Output the complete listing exactly, please, and keep the pictures out of it.

◆ **Source data**:
- - - - - - -
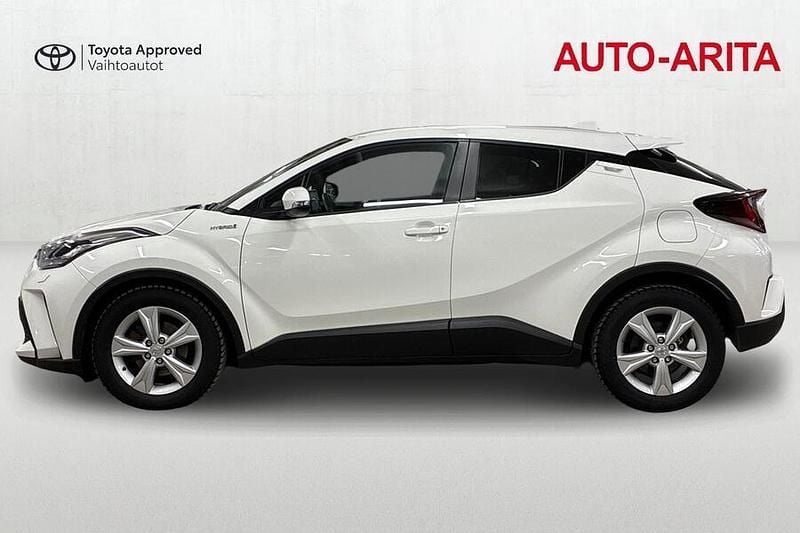 Käytetty Toyota C-HR Active 122 HP (89 kW) 2020 Valkoinen Katumaasturi
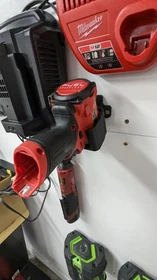 Wall Mount Holder for M12 3/8" Stubby Impact (Model #2554-20)
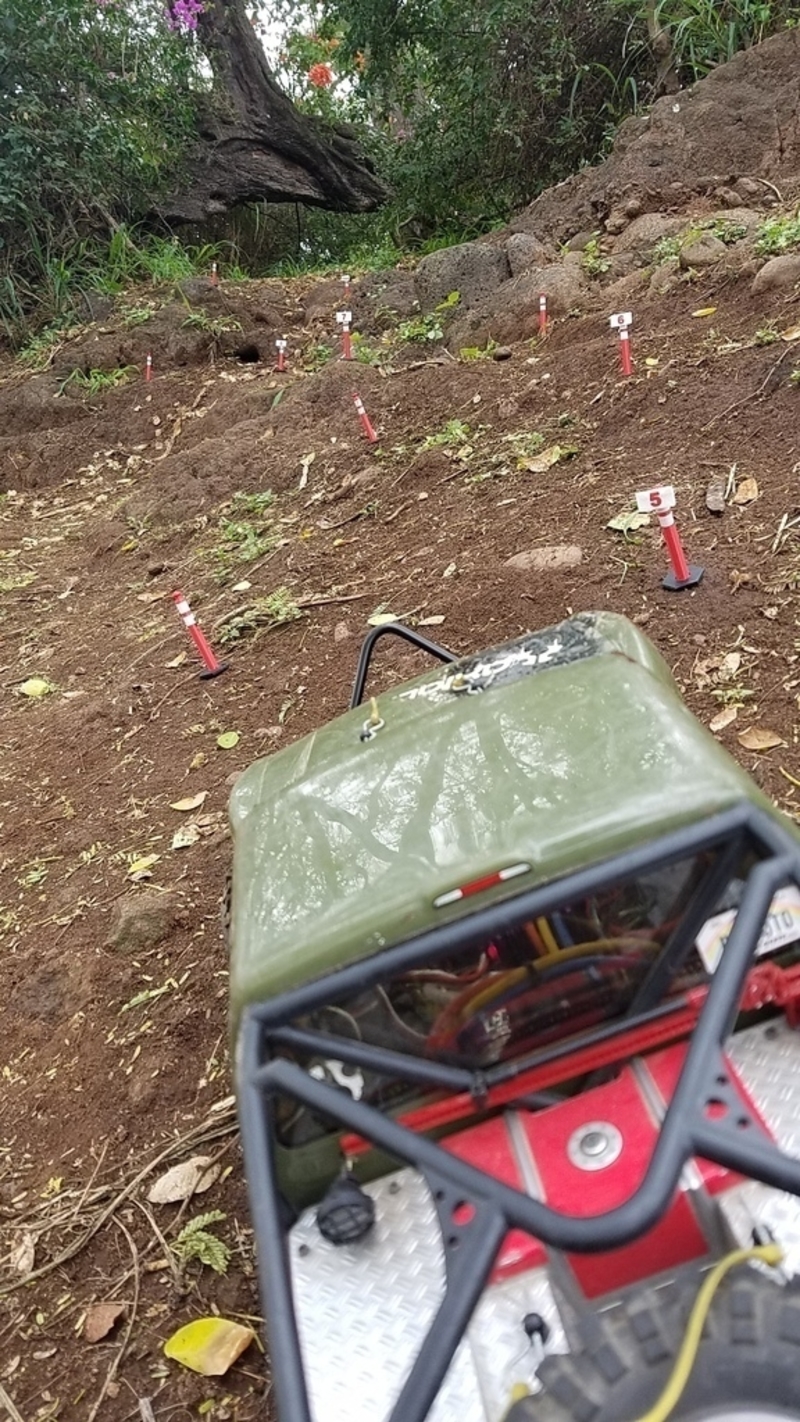 1/10 Scale Highway Traffic cone/ Crawler course cone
- - - - - - -
◆ **Exercise output**:
 Käytetty Toyota C-HR Active 122 HP (89 kW) 2020 Valkoinen Katumaasturi
 Wall Mount Holder for M12 3/8" Stubby Impact (Model #2554-20)
 1/10 Scale Highway Traffic cone/ Crawler course cone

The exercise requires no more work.